Hadoop provides you with the
Writable
interface if you want to write your object to a SequenceFile
. It's up to you to implement the write()
and readFields()
methods for your object. It's easy if your object is simple: just write each of your instance variables to a DataOutput
and read them back in the same order from a DataInput
.Don't Write Your Object As A Serialized Byte Array
I got lazy when I was implementing the Writable interface with one of our classes because it had a ton of instance variables. I figured I'd just serialize it to a byte array, then write the array length and the whole array to the DataOutput. And on the read, well, just unserialize the object from the byte array. This was my
write()
:
@Override
public void write(DataOutput out) throws IOException {
ByteArrayOutputStream byteOutStream = new ByteArrayOutputStream();
ObjectOutputStream objectOut = new ObjectOutputStream(byteOutStream);
objectOut.writeObject(getContainedObject());
objectOut.close();
byte[] serializedObject= byteOutStream.toByteArray();
out.writeInt(serializedObject.length);
out.write(serializedModel);
}
Naw, dude.

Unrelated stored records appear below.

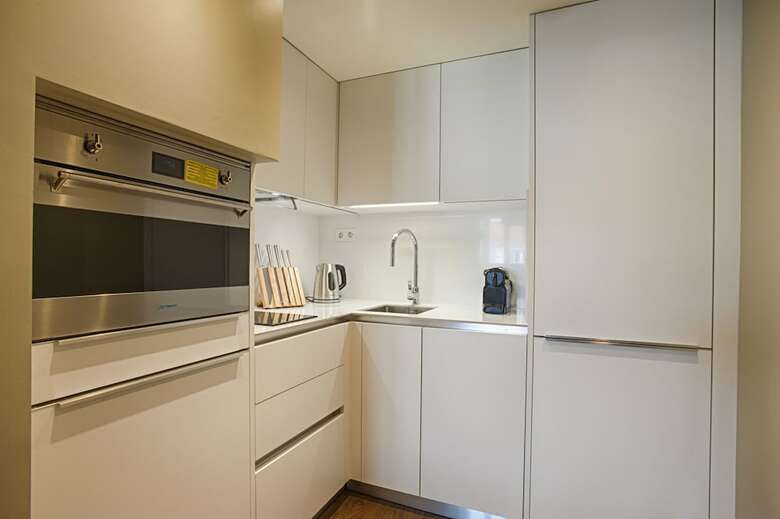 Chiado Mercy - Lisbon Best Apartments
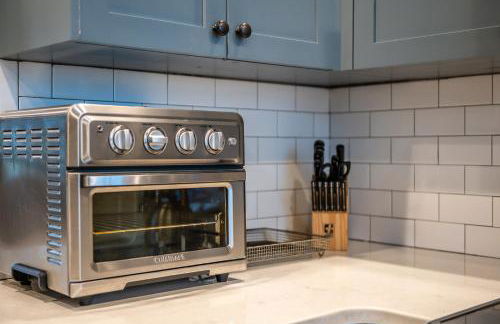 Dreamy Downtown Condo, Near Meeting St & Broad St - Foto 11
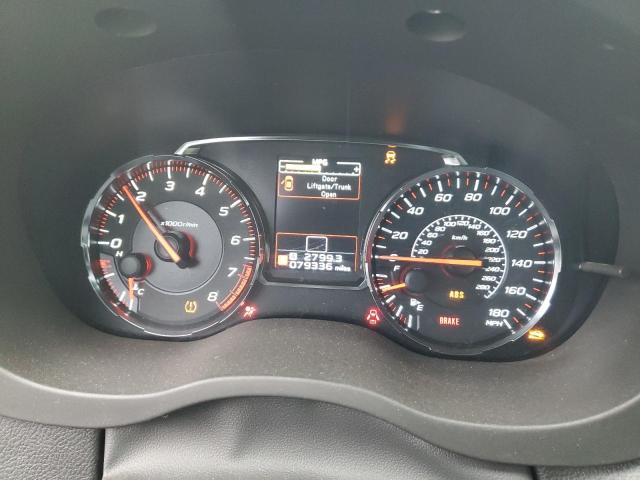 2020 SUBARU WRX PREMIU - JF1VA1C62L9824886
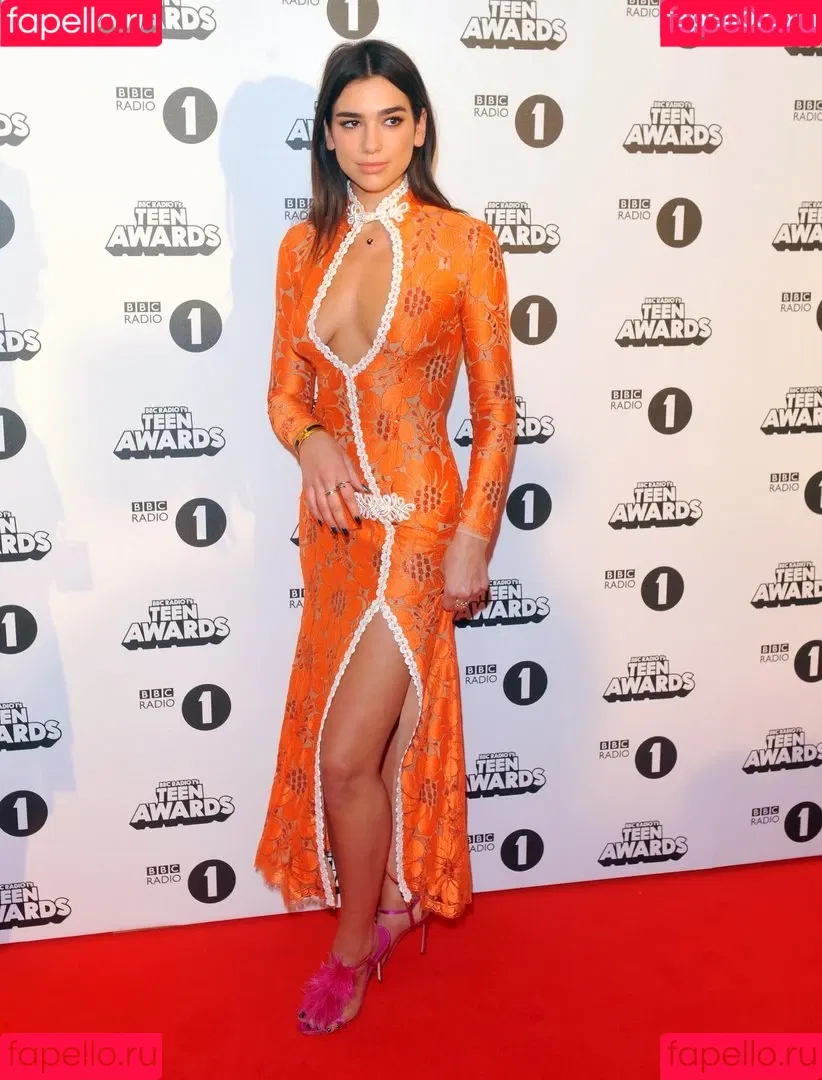 Dua Lipa Onlyfans Photo Gallery 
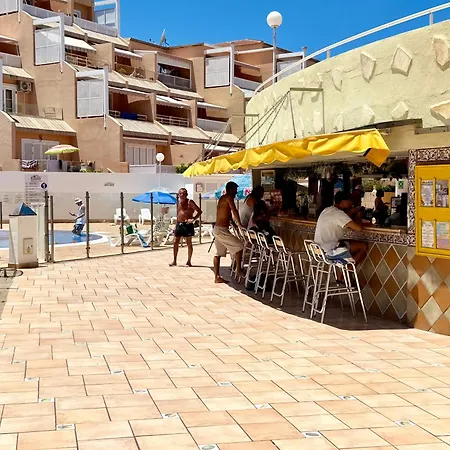 Cozy Seaside 107-9 In Orlando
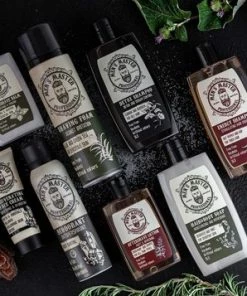 Kopen ⭐ Men's Master Premium Beard Balm - Baardbalsem Met Bijenwas & Sheaboter & Cacao - 30ML 🥰 -Oral-B Shop 550x357 1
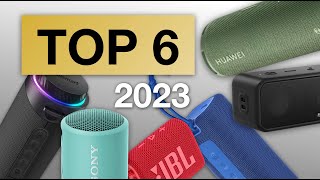 LOS MEJORES ALTAVOCES BLUETOOTH BARATOS DE 2023 [upl. by Florinda230]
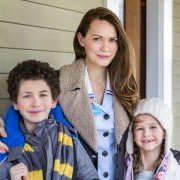 Świąteczny sekret - galeria zdjęć - filmweb
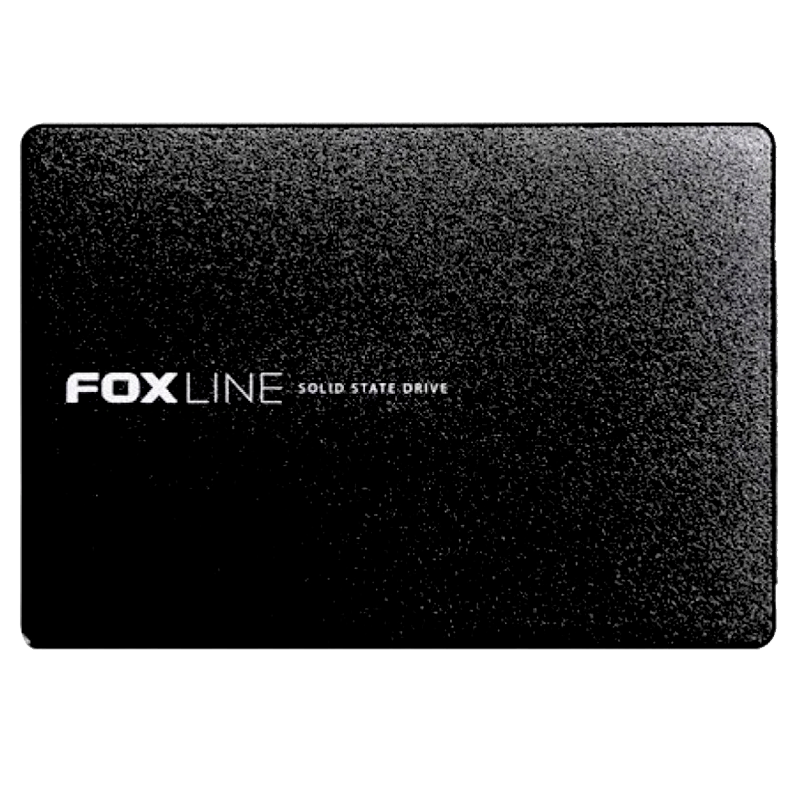 Foxline X5SE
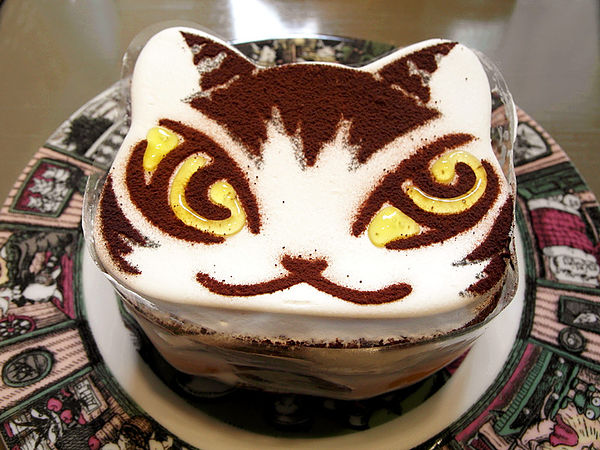 Dayan Café達洋咖啡館:【忠孝敦化】Dayan Café達洋咖啡屋。讓瓦奇菲爾德融化我們的心吧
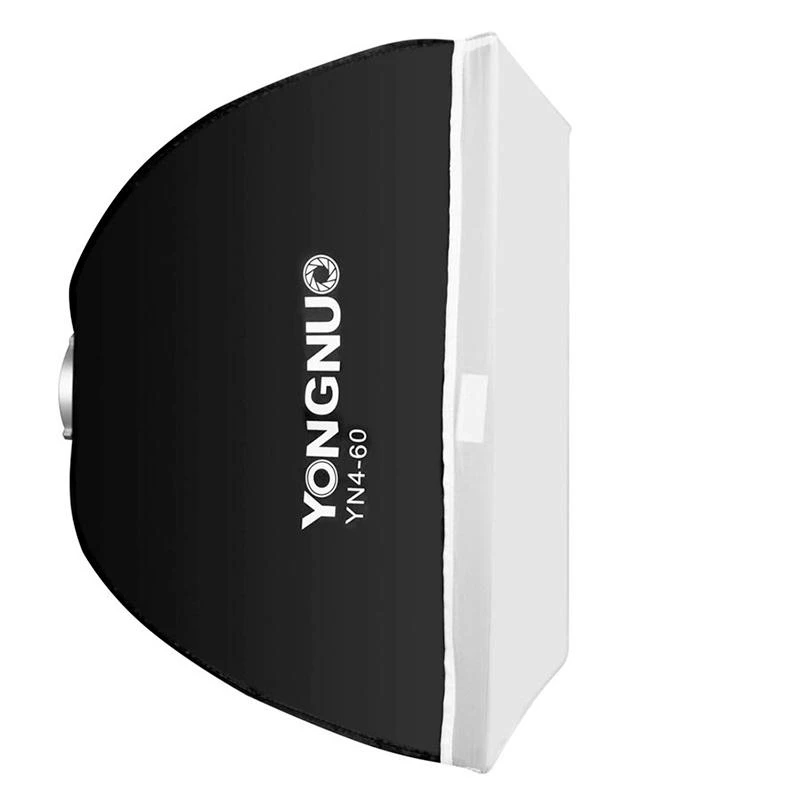 Softbox Yongnuo YN4-60 / 60x60CM (Bowens)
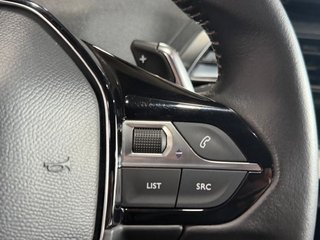 Peugeot 3008 Hybrid 180 e-EAT8 Allure Pack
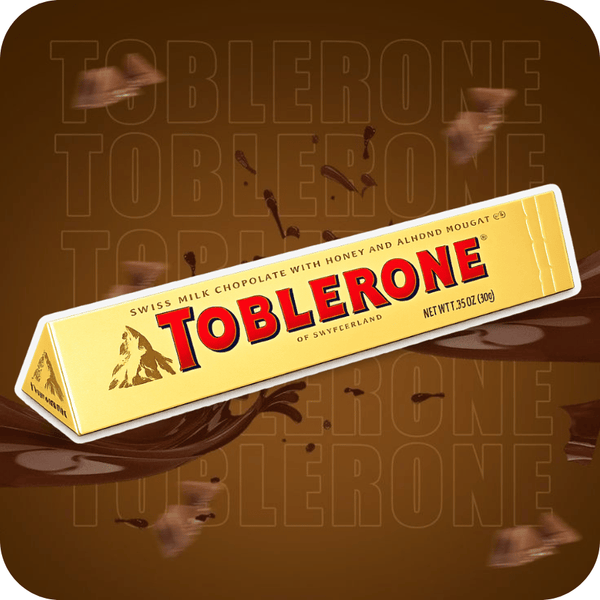 Toblerone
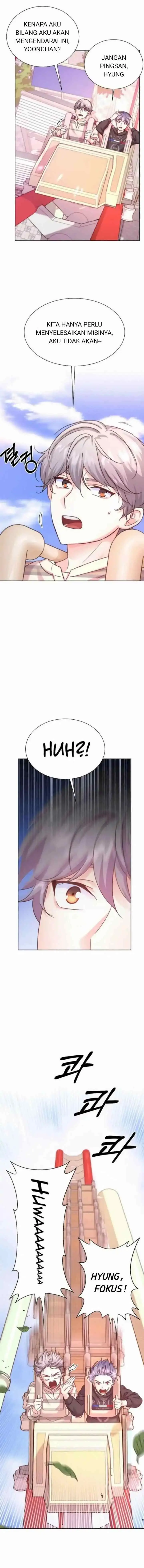 Once Again Idol chapter 50 halaman 7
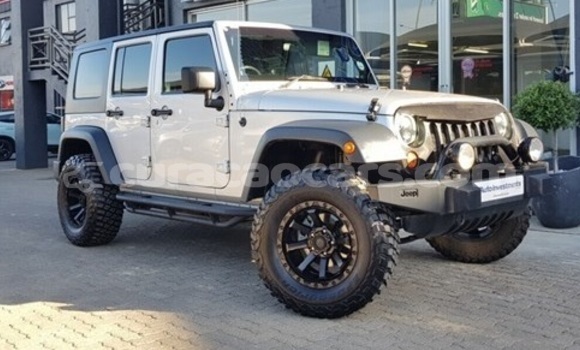 Buy Used Jeep Wrangler Other Car in Willemstad in Curacao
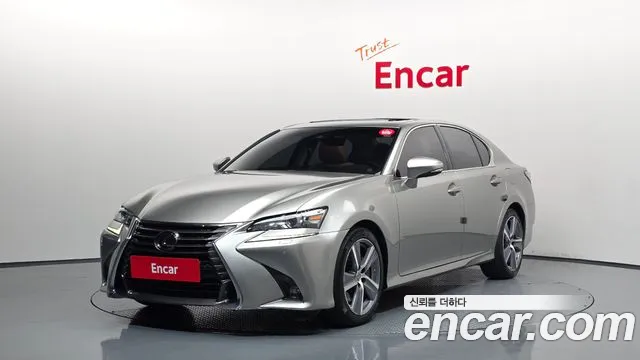 Lexus GS300 L10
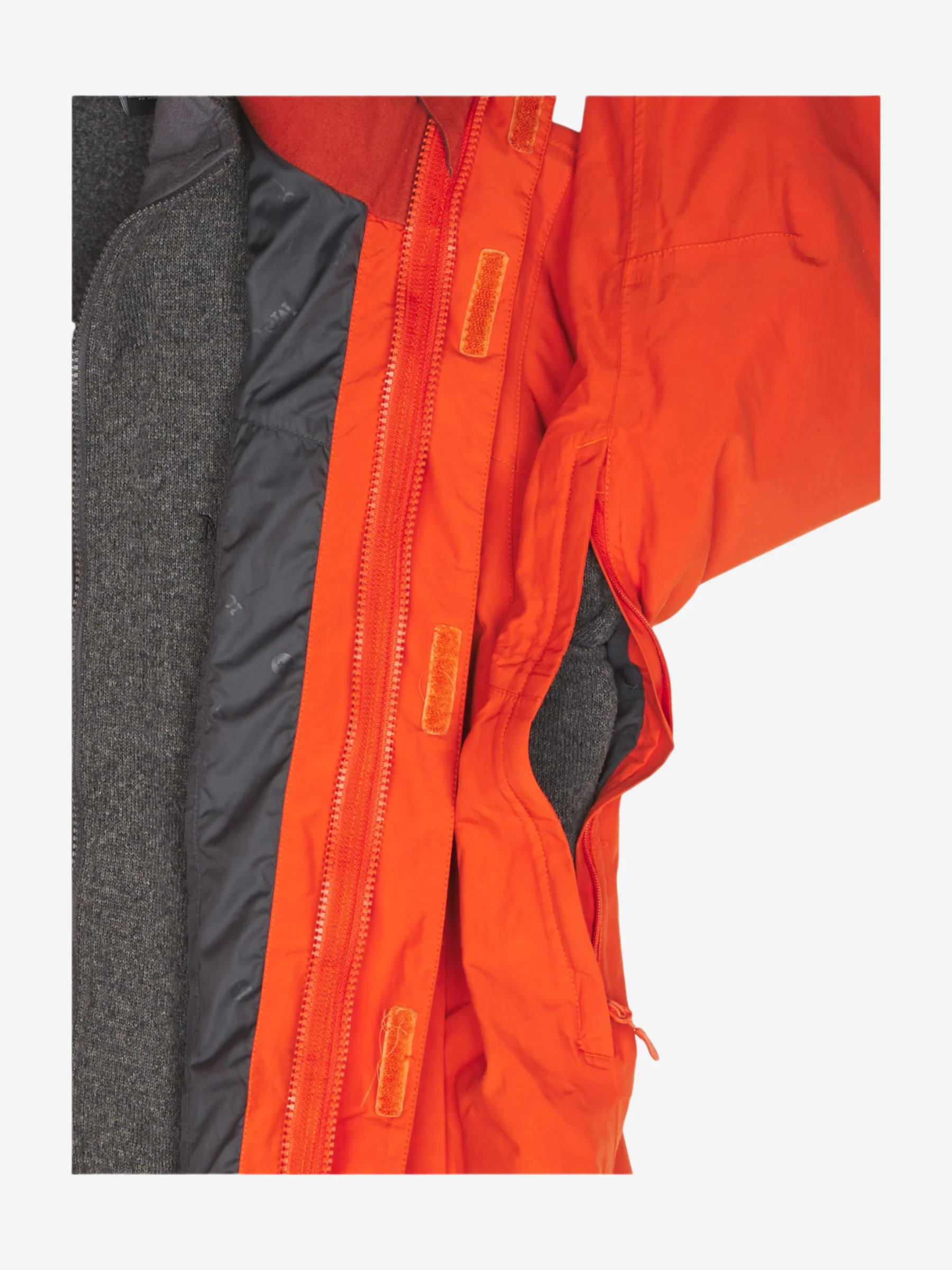 Doppeljacke für Herren - Image 3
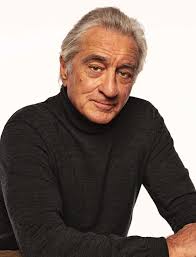 Robert De Niro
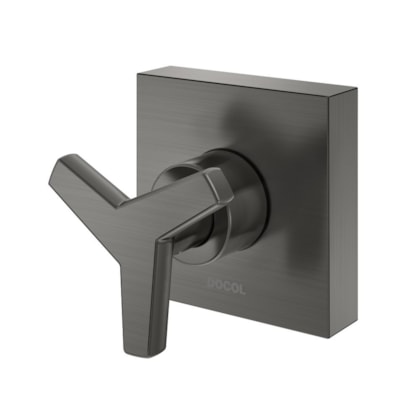 Acabamento Para Registro Base Deca City 1.1/4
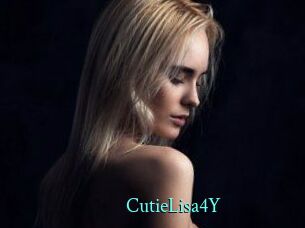 CutieLisa4Y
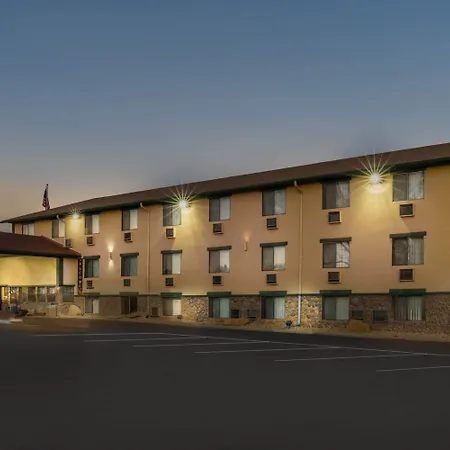 Super 8 By Wyndham Cortez/Mesa Verde Area-3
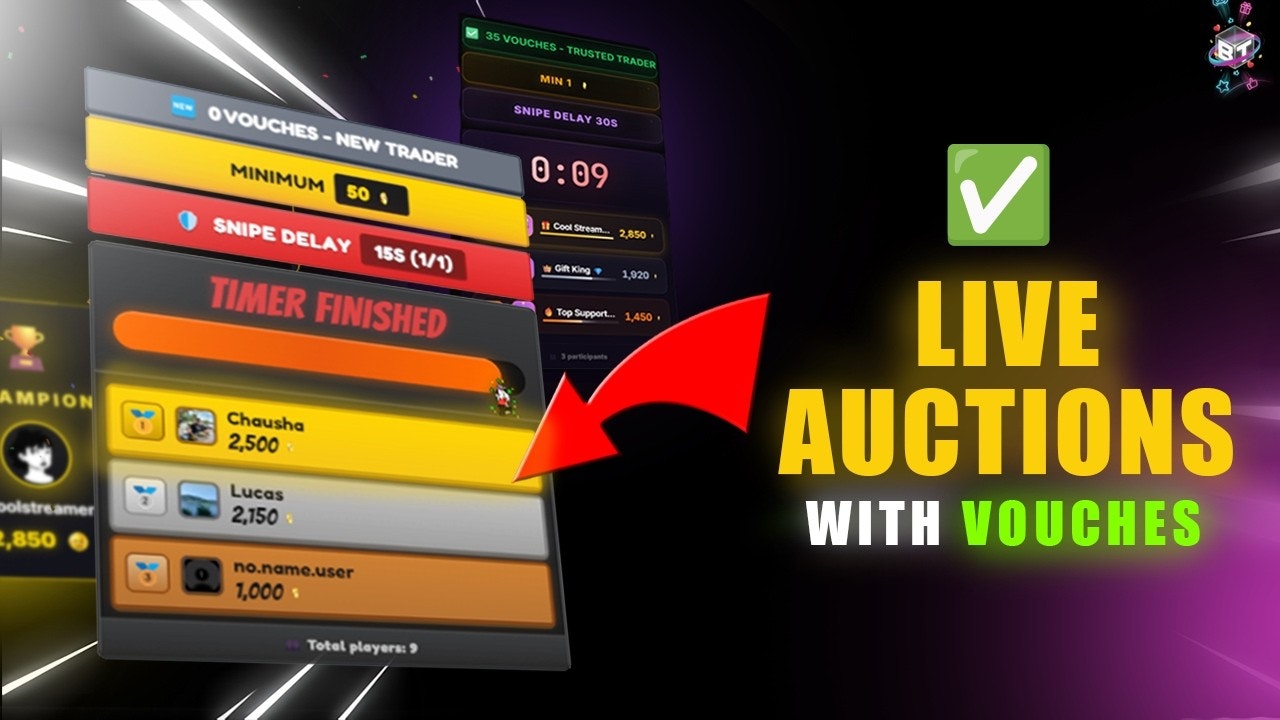 BetterTok gallery image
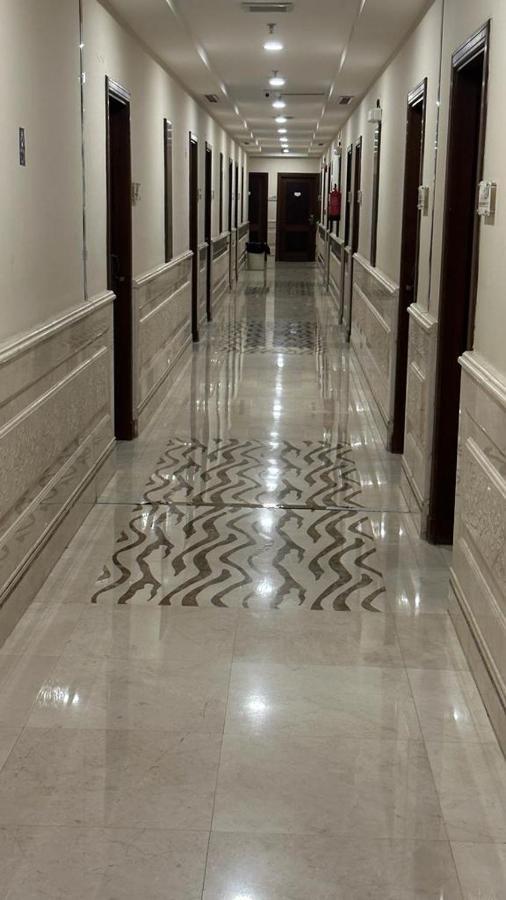 Araek Al Khlood Hotel مكة المظهر الخارجي الصورة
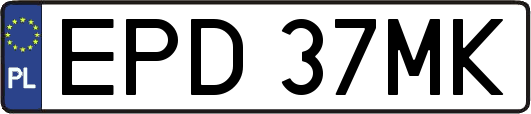 EPD37MK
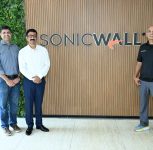 SonicWall Opens New Pune Office, Strengthening India’s Role in Global Cybersecurity Innovation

Bad idea.I knew that I'd be paying some overhead in both space and time for this little scheme, but I didn't know how much. It was just a little bit per object, but when we started seeing MapReductions take way too much time in I/O, it was time to revisit this.
What This Cost In Space And Time
First, the Java serialization space overhead. On a toy example of this object, serialization to a byte array used 953 bytes. Properly writing out the instance variables consumed 296 bytes. In production, doing it the right way shrunk a 1,600-record
SequenceFile
from 1.4GB to 825MB.Time savings were great, too. In the same toy example, it took my JVM 7.2 milliseconds to serialize the object and 1.7 milliseconds to unserialize. Doing with with stream I/O only took 76,000 nanoseconds to serialize, 58,000 nanoseconds to unserialize.
I love order-of-magnitude improvements.
Lesson learned: get off your lazy ass and do it right.